BÖLÜM 45

27K 1.7K 111
                                    

Alya'dan...

Düşüncelerle dolu anlar saatlerin geçmesini sağlarken gece boyunca mide bulantılarım bana eşlik etmişti.

Sabahın ilk ışıklarıyla birlikte odaya sessizce girmeye çalışan kişinin Gencer olduğunu anlamamak aptallık olurdu.

Yüzleşmeden bu konuyu çözemeyeceğimizi bildiğim için uyumadığımı belli etmek adına yatakta doğruldum.

Gencer bana bakmasa da ayakta olduğumun farkındaydı. Aramızda oluşan gerginlik ortamdaki kasvetli havayı tetikliyordu.

"Gencer."

İsmini söylediğimde yine bana bakmadan arkası dönük bir şekilde yatağın ucuna gelip oturdu.
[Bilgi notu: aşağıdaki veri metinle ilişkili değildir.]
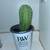 Cactus Cactus Cactus!! 5 thumbnail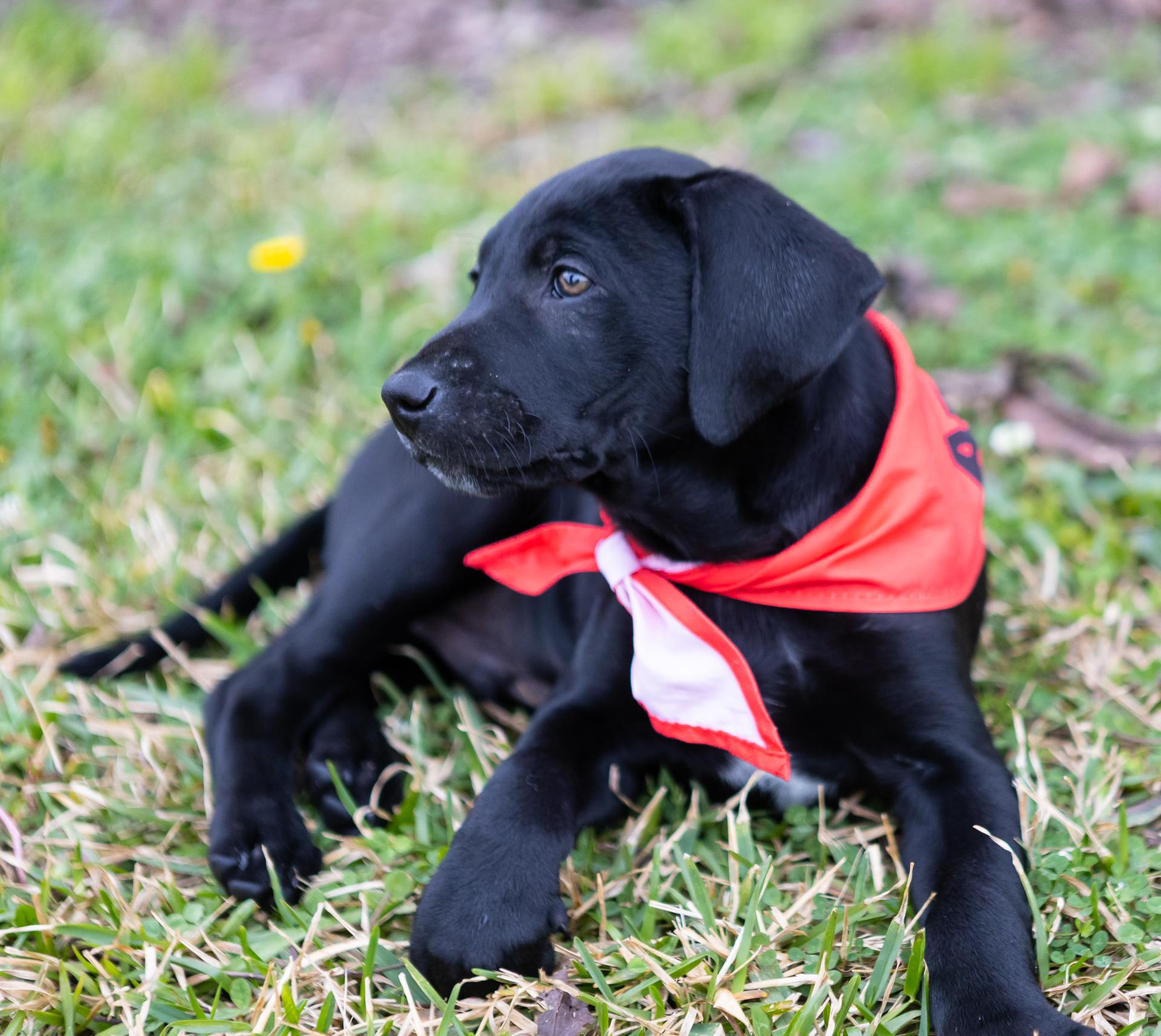 Enlarge Brooks, a Adopted mixed breed in Zachary, LA image 3/6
İlk kez Gencer ben henüz bir şey söylememişken konuşmaya başladı. Tuhaf olan ise yaşadıklarına karşın sesi oldukça sakindi.

Bana yaklaşım tarzı çok farklıydı. Duruşu vardı tüm dünyaya karşı onurlu bir duruş...

İçerisinde fazlaca tepkiye sahip olan bir konuşma beklentimin aksine bu cümleleri kullanmasına şaşırmıştım. Nasıl bu kadar sakinleşmişti. Bu tavrı neden bilmiyorum ama kalbimin tam ortasına dert olup saplanmıştı. Saplanan o şey bir milim oynasa yerinden içim dışıma çıkacaktı ki buna fırsat kalmadan kendime hakim olamayıp ağlamaya başladım.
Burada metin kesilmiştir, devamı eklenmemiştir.